Seamanship Quotation

“In political activity, then, men sail a boundless and bottomless sea; there is neither harbour for shelter nor floor for anchorage, neither starting-place nor appointed destination.”
— from Michael Oakeshott's
Political Education” (1951)

Friday, August 24, 2012

Worriers of the World, Unite!


Canadian values and the American Dream supposedly hold us together in two separate federations. Purposeful visions—along with just-in-time bilingual visionaries—are not adornments. They’re the imagination’s rationale for our federations. 

Accordingly, along with a strong military, energy security, and diplomats punching above their weight, we must nurture, reward, and finance more positive thinking—otherwise, both federations will collapse, or at least stop impressing anyone. 

French Philosopher Andre’ Glucksmann, in an interview in Der “Spiegel, offers a more reliable, less rigid, and intellectually less strained case for sustaining Europe’s troubled federation.

Glucksmann: … Europe is a unity in its division or a division in its unity. Whichever way you put it, though, it's clearly not a community in terms of religion, language, or morals.

SPIEGEL: And yet it exists. What does that lead you to conclude?

Glucksmann: The crisis of the European Union is a symptom of its civilization. It doesn't define itself based on its identity but, rather, on its otherness. A civilization isn't necessarily based on a common desire to achieve the best but, rather, on excluding and making the evil taboo. In historical terms, the European Union is a defensive reaction to horror.

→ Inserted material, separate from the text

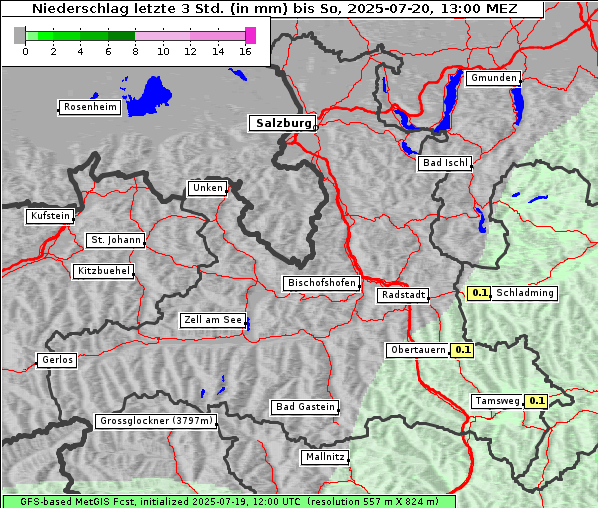 Niederschlag, 20. 7. 2025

SPIEGEL: A negatively defined entity that emerged out of the experience of two world wars?

Glucksmann: In the Middle Ages, the faithful prayed and sang in their litanies: "Lord, protect us from pestilence, hunger and war." This means that community exists not for good but against evil.”

North America’s relatively ancient federations were defensive concoctions—far surer and more united about the shortcomings and vices of the outside world than about what they might do on their own.

As the world gets smaller and more divided, worrying should continue to keep us together and creative.